Beim Räumen und Ordnen meiner Zeitungsarchive stiess ich auf Material zum Bankgeheimnis. Vielleicht mögen sich einige Leserinnen und Leser dieses Blogs an die Bankeninitiative, den Banken-Boykott zu Südafrika und an das Bulletin der Aktion Finanzblatt Schweiz erinnern. Als sich die Linke noch bewegte, wurden in Luzern sogar Boykottwochen organisiert. Dieses Flugblatt behielt ich natürlich.
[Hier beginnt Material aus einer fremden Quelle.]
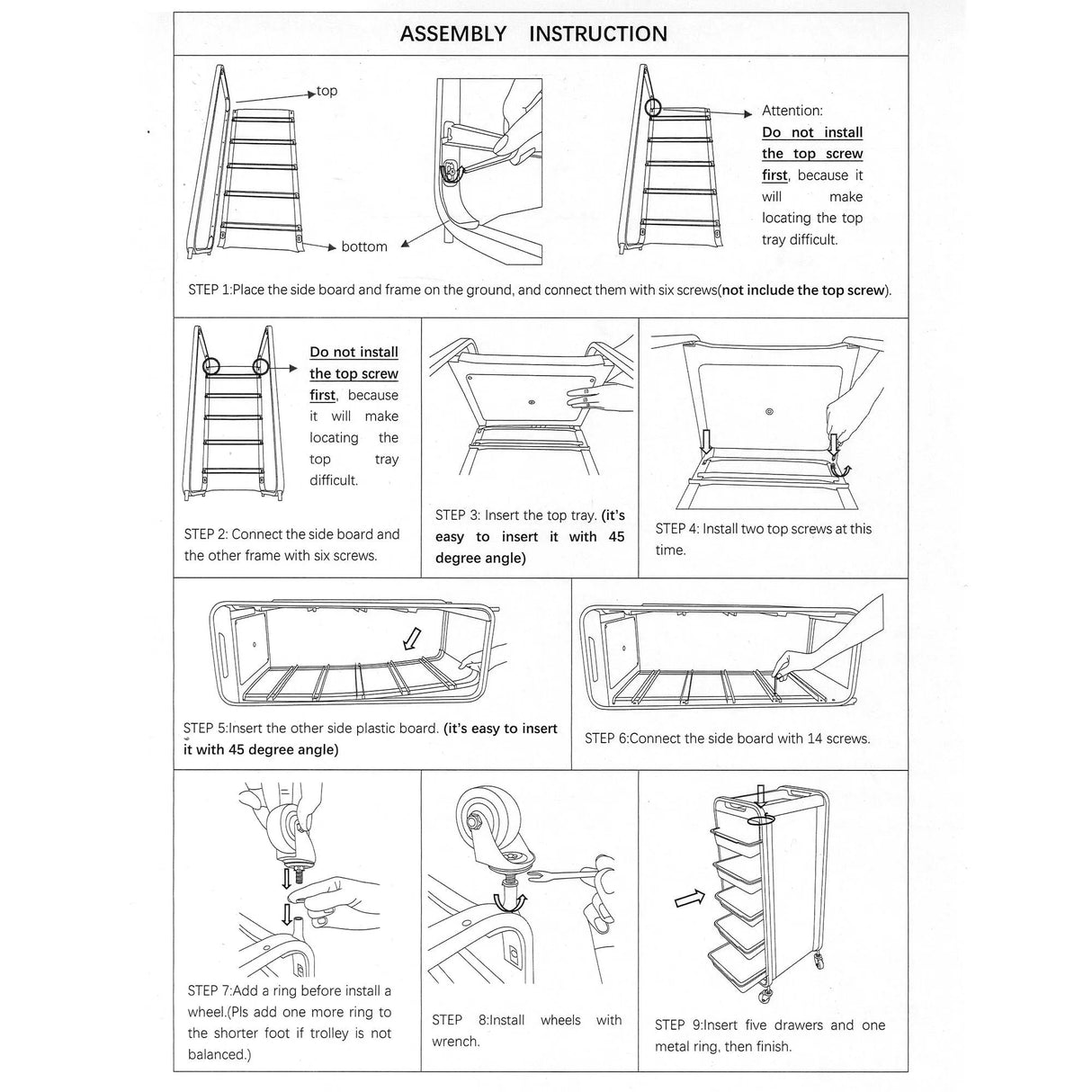 DK-38077 | Black Trolley | Multi-Function Drawers Trolley with Wheel TROLLEY SSW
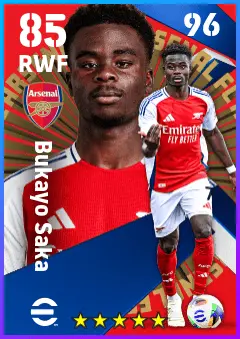 Bukayo Saka eFootball 2026 player card — 85 OVR RWF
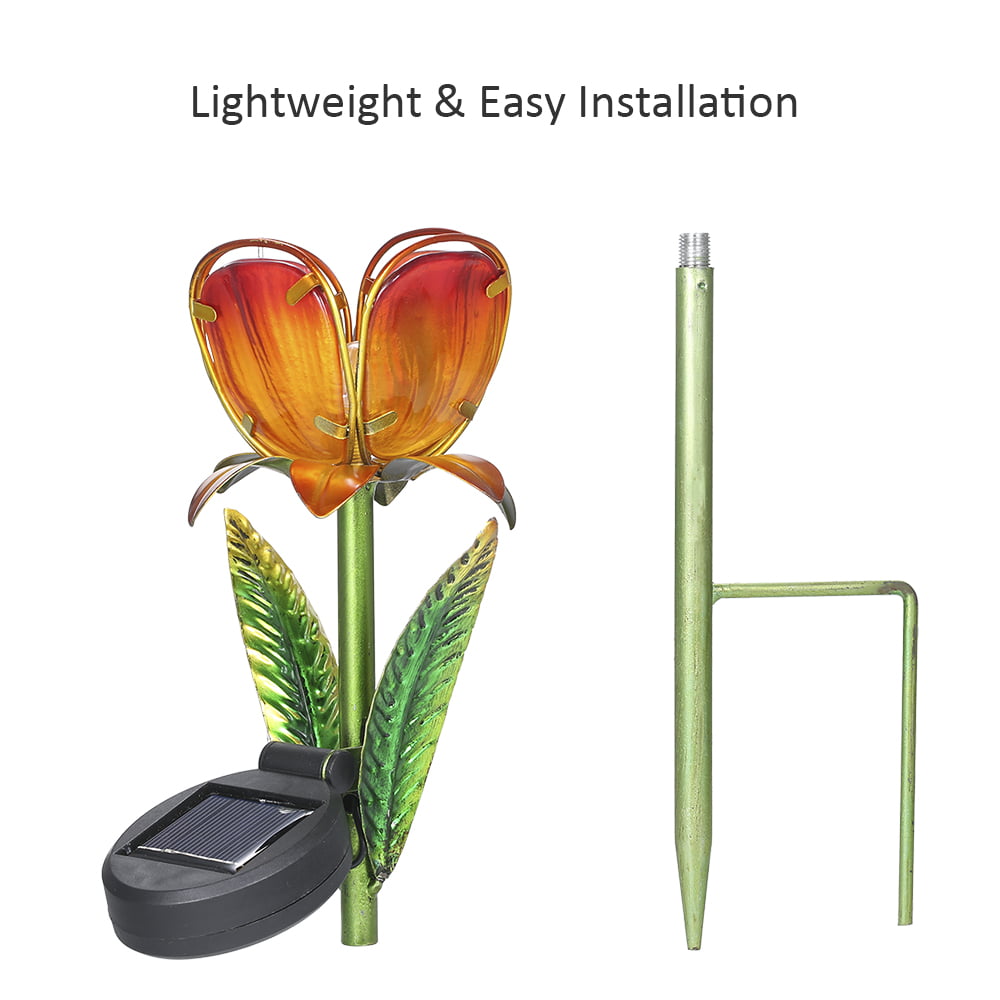 Aibecy Solar Powered Flower Light LEDs Lawn Lamp Stake Lantern IP55 Water-Resistant Outdoor Lights for Garden Yellow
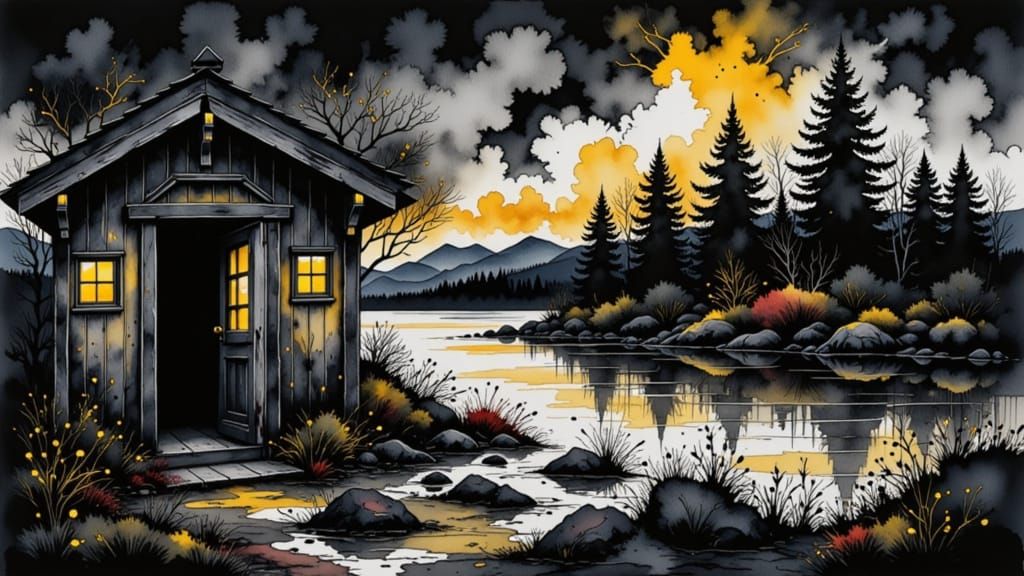 Dark Water Ink Shadows on a Scottish Cottage Door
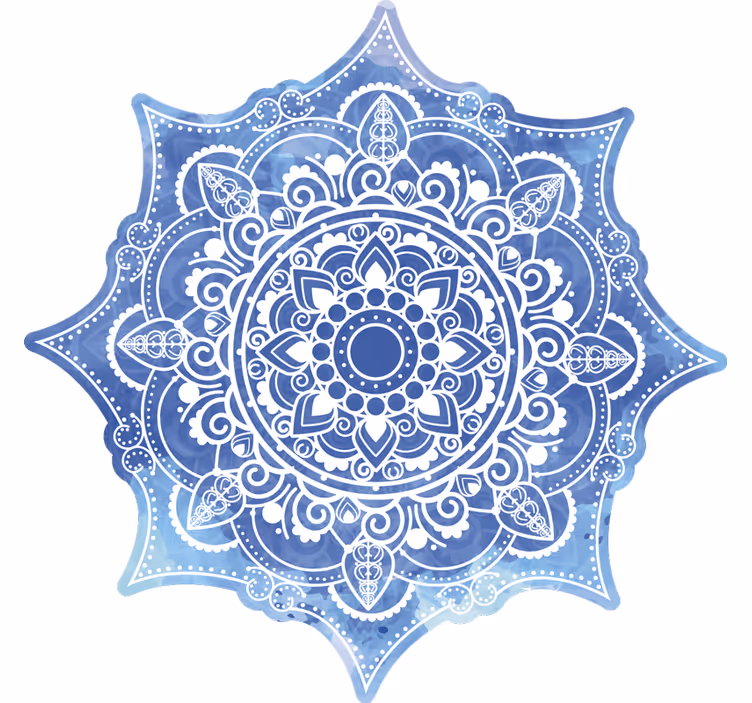 Estore de rolo quarto mandala azul aquarella - TenStickers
Als Trouvaille fand ich ein Inserat der SBG, heute UBS. Sie waren überzeugt, mit dem Steuergesetz von 1978 die beste Waffe gegen Steuerunehrlichkeit zu besitzen. Zudem schrieben sie „‚Bankgeheimnisse‘ sind schützenswert“. Das Bild zeigt nicht eine Notenbank, sondern eine Sitzbank mit einem Paar unter einem Sonnenschirm, der mit Bankgeheimnis angeschrieben ist. Das ist doch völlig zutreffend, dass sie nicht gestört werden dürfen. – Und CS und UBS setzen sich auch heute noch für ungestörtes Turteln ein – jedoch gemäss zweiter Karikatur.